そんなこんなで私は愛媛は宇和島に向かったわけです。
宇和島と言うのは、私はまるで縁もゆかりもなくて家系を何代遡ってみても宇和島の血は一滴も流れてないと思いますけど、今となっては特別な思いがありますね。感慨深いです。宇和島はじゃこ天が美味しいですね。じゃこ天がとんでもなく美味い、それが宇和島です。あと宇和島城がありますね。お城です。熱海城と同じあのお城です。

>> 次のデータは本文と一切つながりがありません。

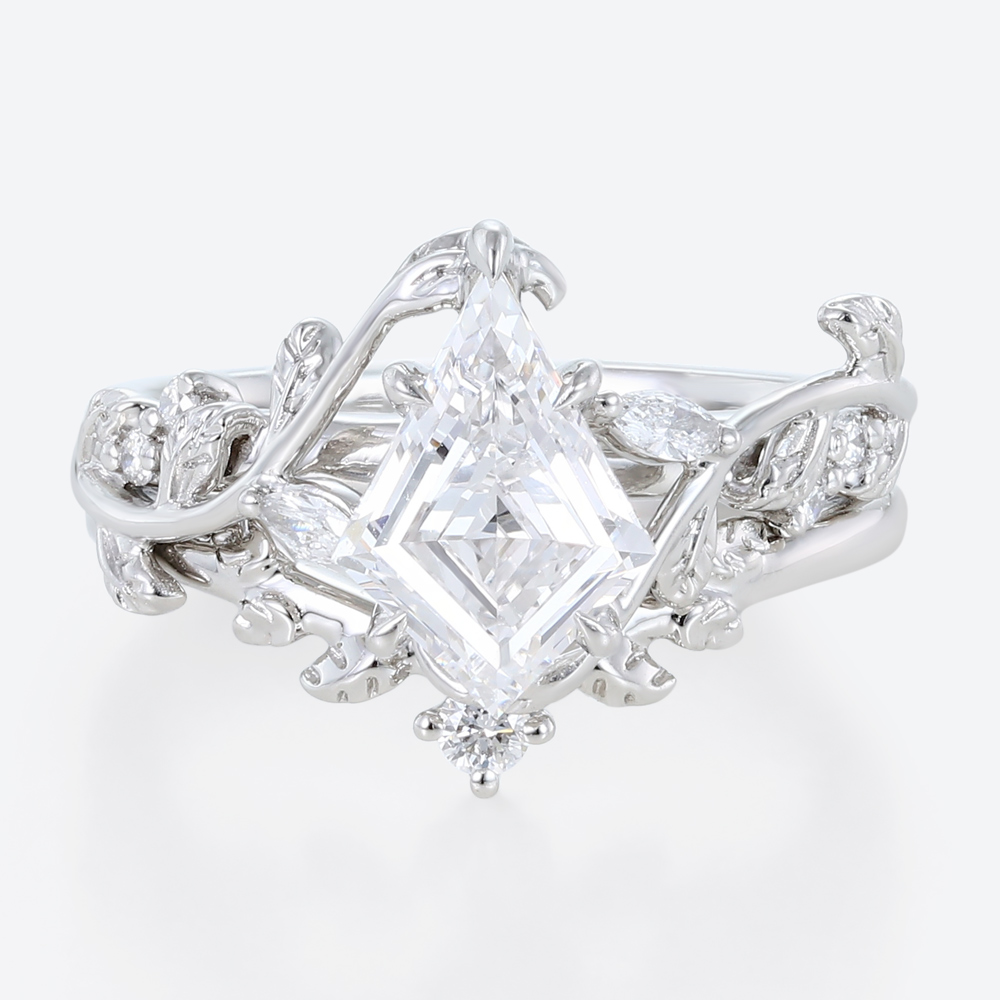 1ct Lab Diamond Ring​ Sets Vine Nature Inspired Engagement Ring in White Gold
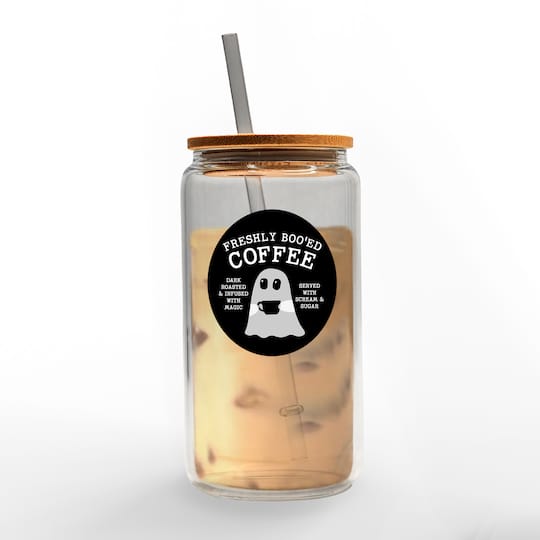Freshly Boo'ed Coffee 16oz. Glass Can Cup
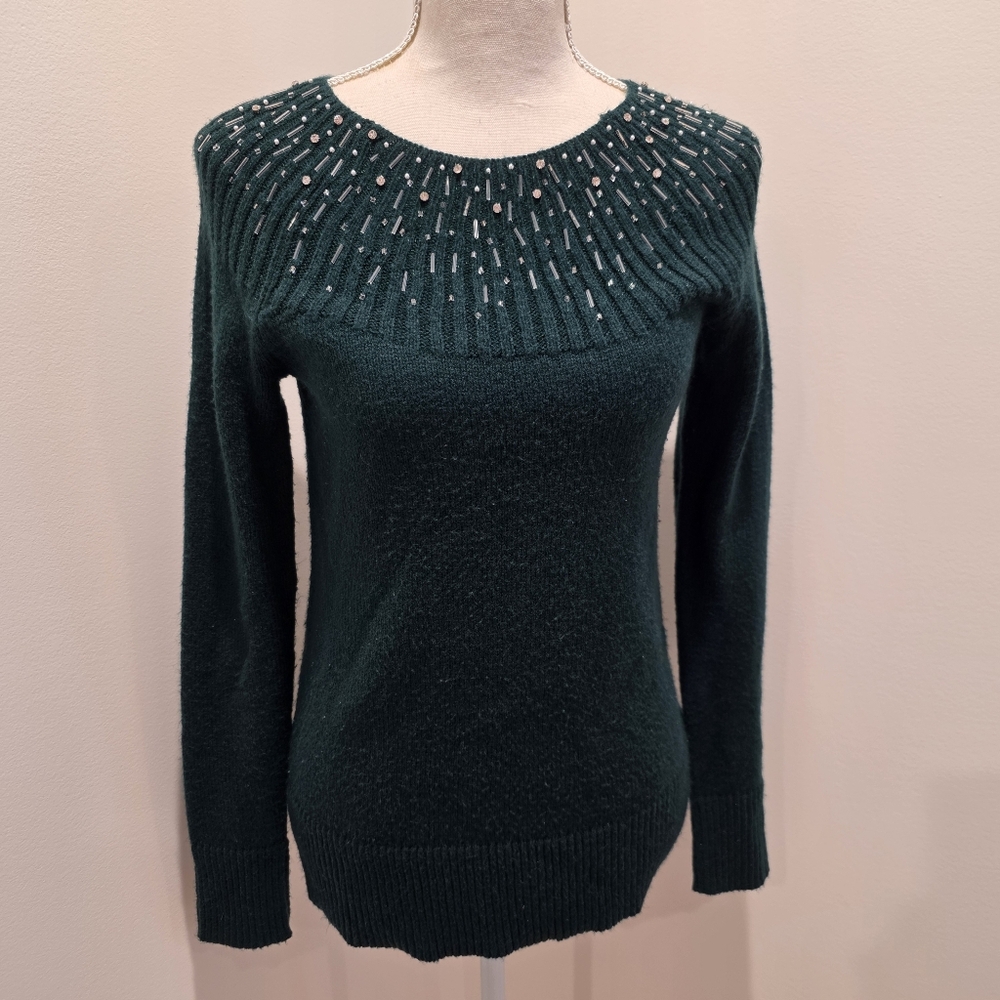 Apt. 9 Green Beaded Sweater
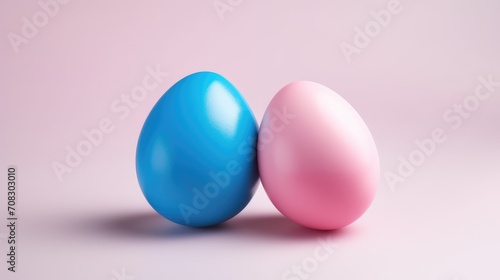 Pink easter egg and blue easter egg on a pink background. Generative ai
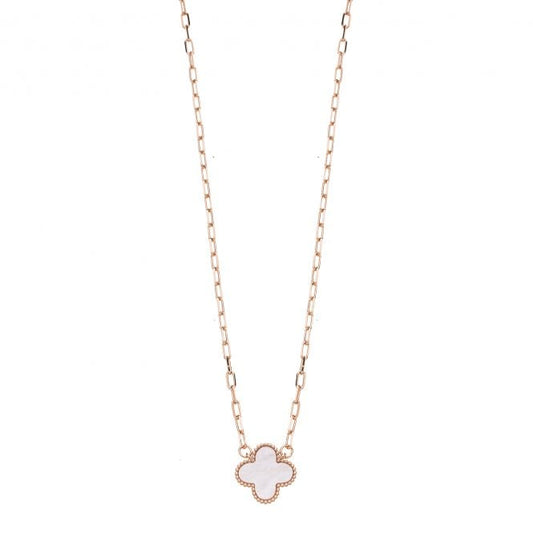 Rose Gold Plated Cross Necklace in Pink Stone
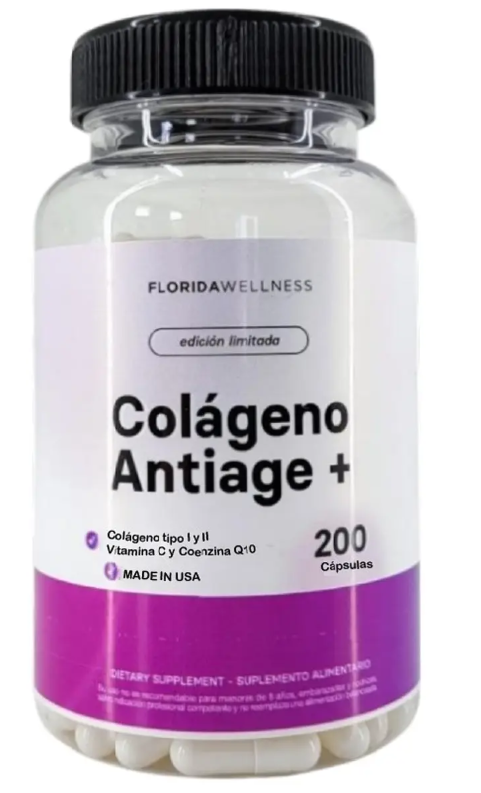 Antiage : Colageno Tipo I y II + Coenzima Q10 + Vit C Nf 200 Capsulas-0
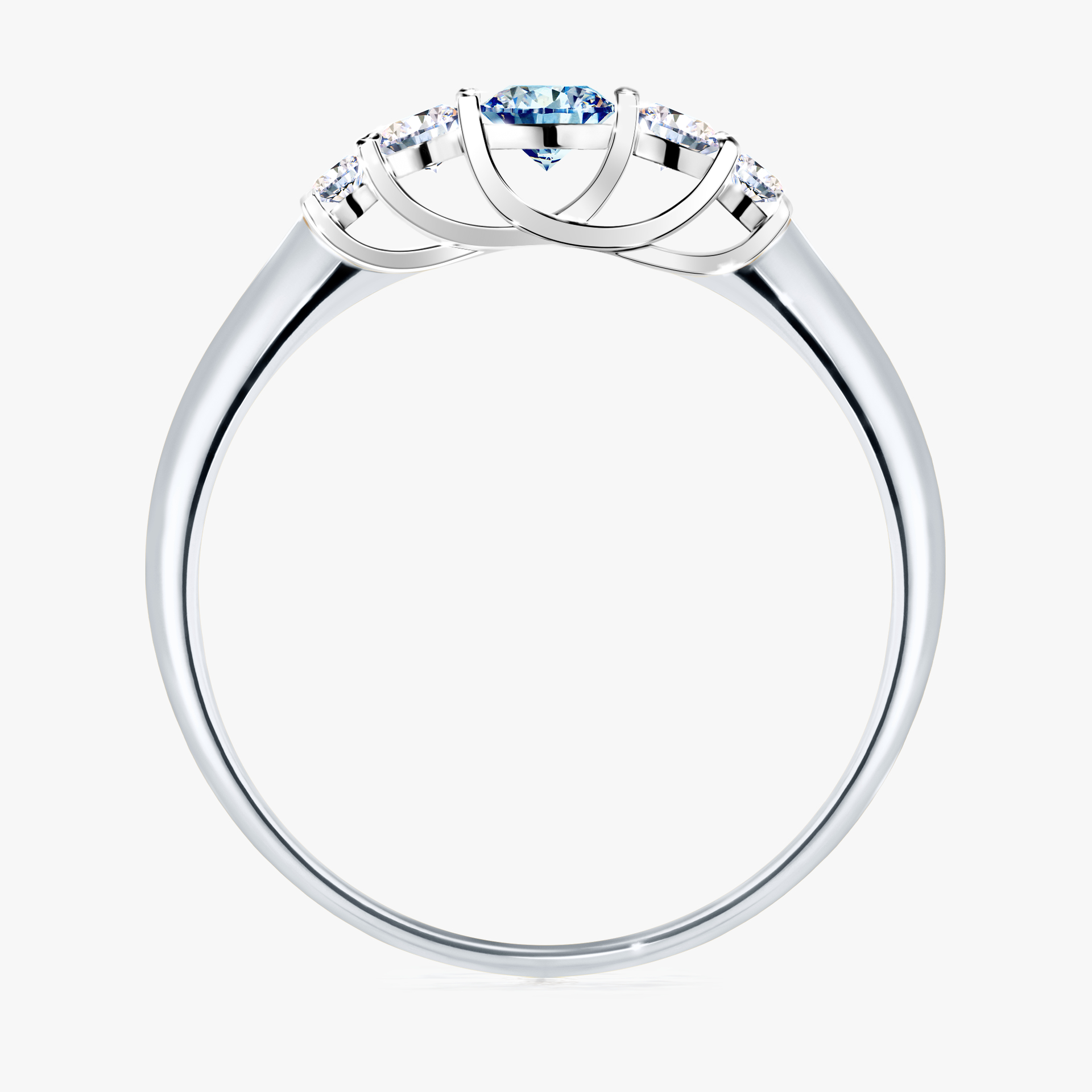 Pierścionek zaręczynowy My Darling z białego złota z niebieskim diamentem 0,22ct
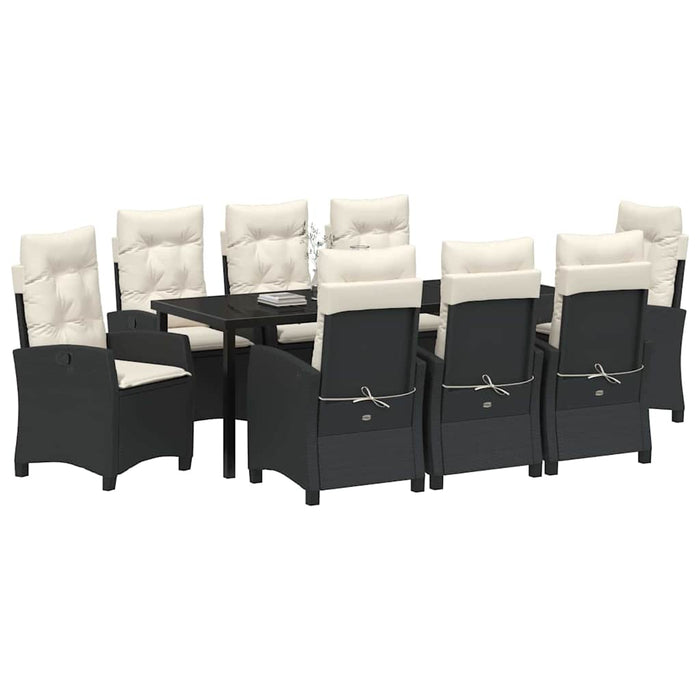 Set de masă pentru grădină cu pernă 9 pcs Negru poliratan - WALTI WALTI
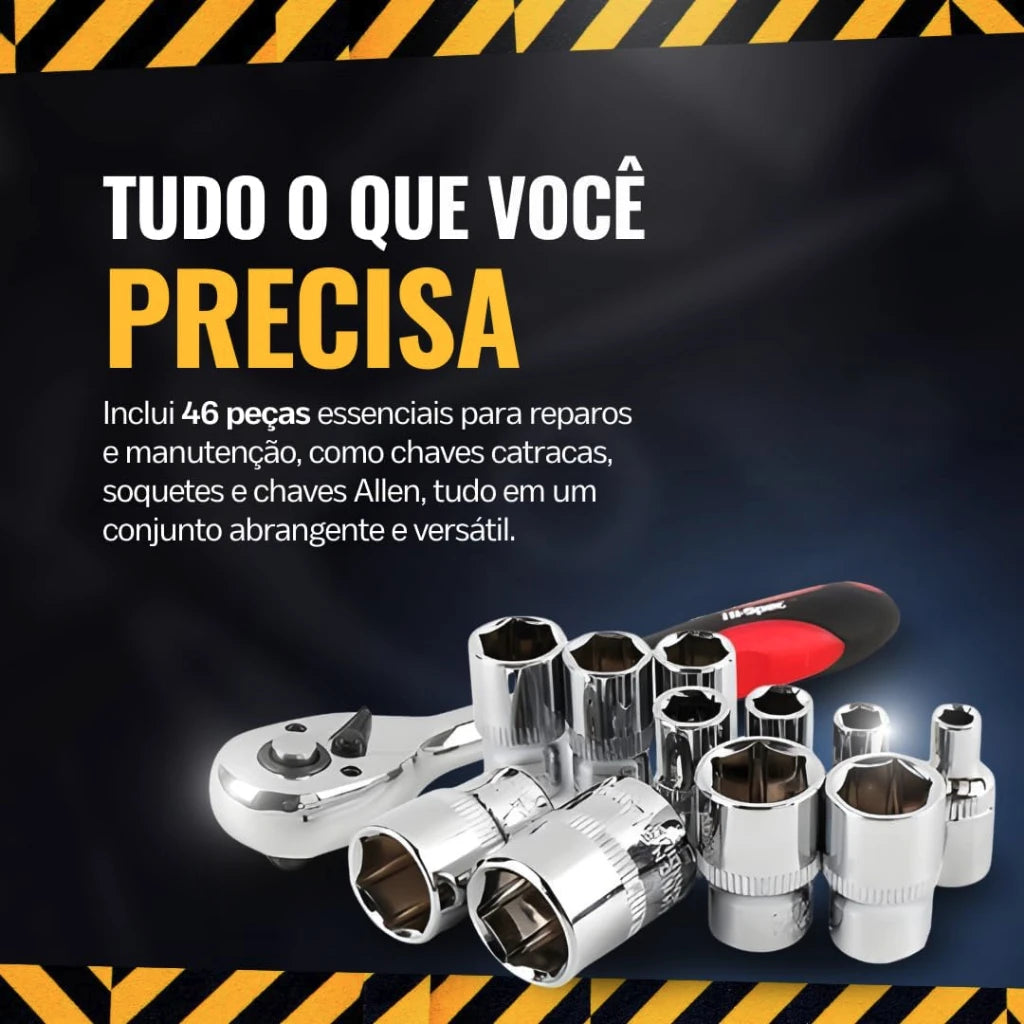 Kit de herramientas profesional 46 piezas Forjadas enchufes de alta calidad Durabilidad Durabilidad garantizada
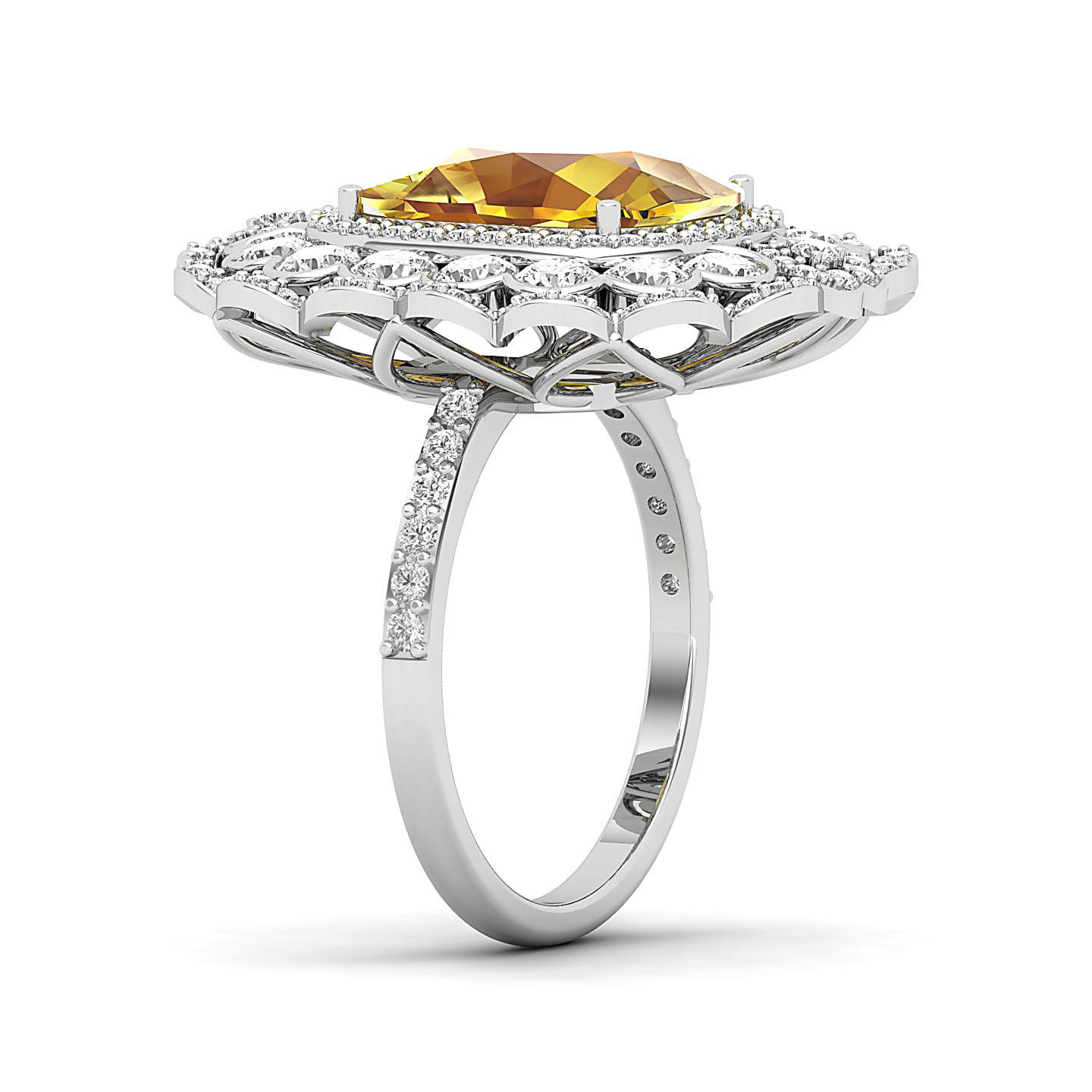 Heritage Legacy Cluster Yellow Sapphire Ring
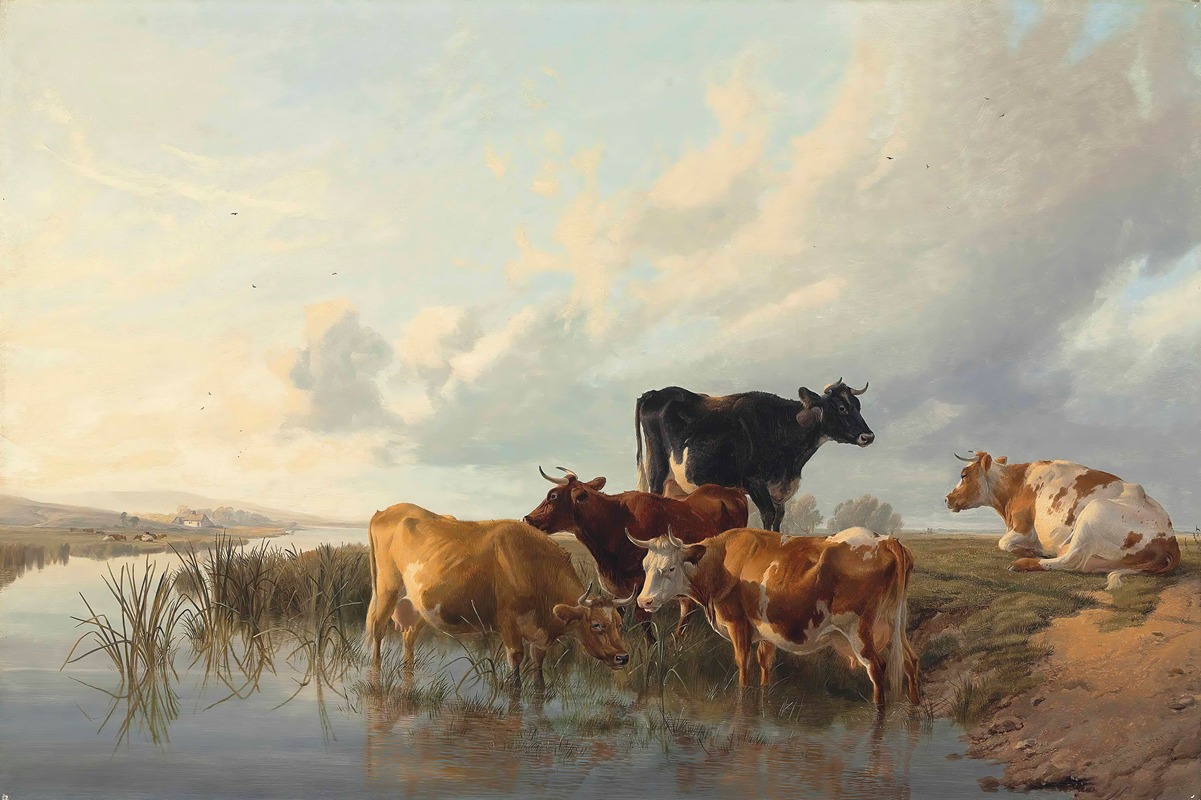 Thomas Sidney Cooper - Cattle By A River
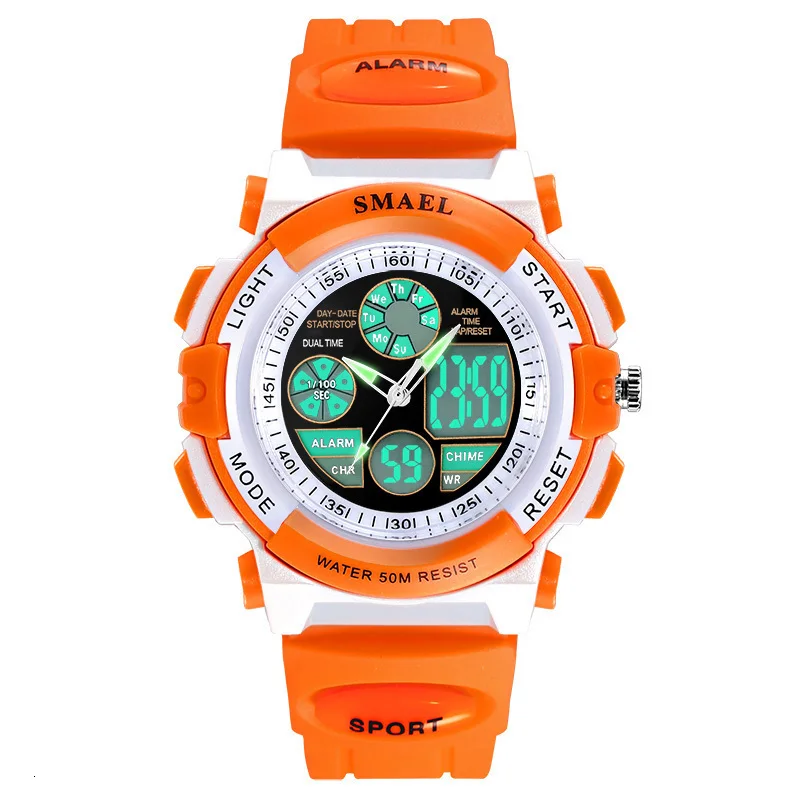 SMAEL детей часы для девочек цифровые часы lcd детей 50 м Водонепроницаемый Наручные часы студенческие часы для девочек - Цвет: Orange Dual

さて、この旅のさらに数年前に一度宇和島へ行ったことがあったんです。
恵比寿に珈琲トラムがありますね。あのトラムです。あすこの店主のフルヤ君と、共通の友人の佐々木蔵之助に似ているK君、このK君が当時、宇和島に仕事で転勤になったんです。よし、そんじゃいっちょ陣中見舞いしよう、と言うことでフルヤ君と二人、宇和島まで出掛けようと言うことになったのです。
その頃は私も会社員で職場は新橋にありました。夜行のバスまでまだ時間が大分ある。よし、時間潰しがてら最近フルヤ君が勤めだしたと言う青山の珈琲屋まで行ってみよう、私はそう考え、スーツ姿のままメトロに乗ったのです。珈琲好きの方ならご存知のようにかつて青山に在ったあのお店です。レジェンドです。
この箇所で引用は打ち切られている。